What is required ::
Copy nothing but the lines below running from the line containing "Confortable apartaestudio en" through the line containing "Opel Zafira - 5", both end lines included.

-- -- --

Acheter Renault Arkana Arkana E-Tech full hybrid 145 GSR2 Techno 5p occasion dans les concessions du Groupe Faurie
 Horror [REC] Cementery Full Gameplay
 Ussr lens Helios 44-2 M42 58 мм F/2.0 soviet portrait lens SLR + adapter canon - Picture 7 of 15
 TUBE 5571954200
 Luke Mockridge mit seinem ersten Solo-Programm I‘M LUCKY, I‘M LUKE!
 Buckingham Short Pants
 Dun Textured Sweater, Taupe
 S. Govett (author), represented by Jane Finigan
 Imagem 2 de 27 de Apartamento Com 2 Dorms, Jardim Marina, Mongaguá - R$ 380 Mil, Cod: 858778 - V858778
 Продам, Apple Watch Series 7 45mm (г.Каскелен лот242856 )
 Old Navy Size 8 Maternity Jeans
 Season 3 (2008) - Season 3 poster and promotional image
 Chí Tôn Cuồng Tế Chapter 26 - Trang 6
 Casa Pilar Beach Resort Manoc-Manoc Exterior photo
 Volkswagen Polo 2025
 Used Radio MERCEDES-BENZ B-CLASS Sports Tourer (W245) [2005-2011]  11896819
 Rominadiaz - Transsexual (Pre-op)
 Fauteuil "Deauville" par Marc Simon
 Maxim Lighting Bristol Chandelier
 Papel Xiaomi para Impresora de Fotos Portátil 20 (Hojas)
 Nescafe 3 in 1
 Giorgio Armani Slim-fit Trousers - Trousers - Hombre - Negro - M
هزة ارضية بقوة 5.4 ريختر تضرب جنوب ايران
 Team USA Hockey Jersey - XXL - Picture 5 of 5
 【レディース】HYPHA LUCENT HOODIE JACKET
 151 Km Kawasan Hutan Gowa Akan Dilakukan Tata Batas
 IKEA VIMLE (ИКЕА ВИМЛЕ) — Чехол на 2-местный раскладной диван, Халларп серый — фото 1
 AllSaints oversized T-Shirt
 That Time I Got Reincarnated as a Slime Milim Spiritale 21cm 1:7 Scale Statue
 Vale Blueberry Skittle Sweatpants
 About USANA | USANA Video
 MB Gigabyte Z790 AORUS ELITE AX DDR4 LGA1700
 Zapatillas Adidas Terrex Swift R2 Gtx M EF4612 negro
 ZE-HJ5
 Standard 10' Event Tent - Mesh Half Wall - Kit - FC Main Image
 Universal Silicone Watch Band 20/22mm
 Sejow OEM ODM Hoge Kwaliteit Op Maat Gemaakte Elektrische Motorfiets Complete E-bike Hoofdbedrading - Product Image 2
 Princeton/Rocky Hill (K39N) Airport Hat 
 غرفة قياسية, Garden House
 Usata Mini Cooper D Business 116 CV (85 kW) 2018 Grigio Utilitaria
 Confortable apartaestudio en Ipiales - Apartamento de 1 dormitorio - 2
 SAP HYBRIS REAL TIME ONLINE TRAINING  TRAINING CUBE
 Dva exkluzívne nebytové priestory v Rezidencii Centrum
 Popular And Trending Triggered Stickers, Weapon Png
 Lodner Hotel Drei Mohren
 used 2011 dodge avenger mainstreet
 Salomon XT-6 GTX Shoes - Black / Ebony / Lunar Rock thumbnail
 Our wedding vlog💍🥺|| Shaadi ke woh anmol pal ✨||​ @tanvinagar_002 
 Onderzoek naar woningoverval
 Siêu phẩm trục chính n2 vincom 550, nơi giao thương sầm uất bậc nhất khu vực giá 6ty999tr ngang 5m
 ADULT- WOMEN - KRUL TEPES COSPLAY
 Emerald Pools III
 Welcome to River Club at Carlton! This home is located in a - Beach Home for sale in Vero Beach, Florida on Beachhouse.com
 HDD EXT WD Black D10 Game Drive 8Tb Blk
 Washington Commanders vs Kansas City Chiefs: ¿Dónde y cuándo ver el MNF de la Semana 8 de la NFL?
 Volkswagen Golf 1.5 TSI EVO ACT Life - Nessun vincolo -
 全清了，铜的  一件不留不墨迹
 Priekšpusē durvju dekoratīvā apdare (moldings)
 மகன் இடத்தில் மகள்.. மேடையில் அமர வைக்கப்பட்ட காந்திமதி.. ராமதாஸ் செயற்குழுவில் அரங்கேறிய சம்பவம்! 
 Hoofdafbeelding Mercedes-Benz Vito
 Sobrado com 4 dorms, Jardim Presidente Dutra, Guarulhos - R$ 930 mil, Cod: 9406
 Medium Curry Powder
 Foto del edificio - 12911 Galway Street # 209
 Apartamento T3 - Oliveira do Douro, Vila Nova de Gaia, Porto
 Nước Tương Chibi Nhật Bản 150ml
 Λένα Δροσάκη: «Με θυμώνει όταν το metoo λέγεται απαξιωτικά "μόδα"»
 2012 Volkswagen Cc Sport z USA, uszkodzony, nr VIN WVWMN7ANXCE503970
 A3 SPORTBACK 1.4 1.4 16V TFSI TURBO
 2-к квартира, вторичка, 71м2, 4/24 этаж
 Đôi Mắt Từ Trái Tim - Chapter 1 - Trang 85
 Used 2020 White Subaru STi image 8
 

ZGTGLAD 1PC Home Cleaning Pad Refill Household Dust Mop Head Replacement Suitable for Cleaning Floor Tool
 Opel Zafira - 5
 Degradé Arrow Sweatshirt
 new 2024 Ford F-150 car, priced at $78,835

-- -- --

Exercise answer ::
 Confortable apartaestudio en Ipiales - Apartamento de 1 dormitorio - 2
 SAP HYBRIS REAL TIME ONLINE TRAINING  TRAINING CUBE
 Dva exkluzívne nebytové priestory v Rezidencii Centrum
 Popular And Trending Triggered Stickers, Weapon Png
 Lodner Hotel Drei Mohren
 used 2011 dodge avenger mainstreet
 Salomon XT-6 GTX Shoes - Black / Ebony / Lunar Rock thumbnail
 Our wedding vlog💍🥺|| Shaadi ke woh anmol pal ✨||​ @tanvinagar_002 
 Onderzoek naar woningoverval
 Siêu phẩm trục chính n2 vincom 550, nơi giao thương sầm uất bậc nhất khu vực giá 6ty999tr ngang 5m
 ADULT- WOMEN - KRUL TEPES COSPLAY
 Emerald Pools III
 Welcome to River Club at Carlton! This home is located in a - Beach Home for sale in Vero Beach, Florida on Beachhouse.com
 HDD EXT WD Black D10 Game Drive 8Tb Blk
 Washington Commanders vs Kansas City Chiefs: ¿Dónde y cuándo ver el MNF de la Semana 8 de la NFL?
 Volkswagen Golf 1.5 TSI EVO ACT Life - Nessun vincolo -
 全清了，铜的  一件不留不墨迹
 Priekšpusē durvju dekoratīvā apdare (moldings)
 மகன் இடத்தில் மகள்.. மேடையில் அமர வைக்கப்பட்ட காந்திமதி.. ராமதாஸ் செயற்குழுவில் அரங்கேறிய சம்பவம்! 
 Hoofdafbeelding Mercedes-Benz Vito
 Sobrado com 4 dorms, Jardim Presidente Dutra, Guarulhos - R$ 930 mil, Cod: 9406
 Medium Curry Powder
 Foto del edificio - 12911 Galway Street # 209
 Apartamento T3 - Oliveira do Douro, Vila Nova de Gaia, Porto
 Nước Tương Chibi Nhật Bản 150ml
 Λένα Δροσάκη: «Με θυμώνει όταν το metoo λέγεται απαξιωτικά "μόδα"»
 2012 Volkswagen Cc Sport z USA, uszkodzony, nr VIN WVWMN7ANXCE503970
 A3 SPORTBACK 1.4 1.4 16V TFSI TURBO
 2-к квартира, вторичка, 71м2, 4/24 этаж
 Đôi Mắt Từ Trái Tim - Chapter 1 - Trang 85
 Used 2020 White Subaru STi image 8
 

ZGTGLAD 1PC Home Cleaning Pad Refill Household Dust Mop Head Replacement Suitable for Cleaning Floor Tool
 Opel Zafira - 5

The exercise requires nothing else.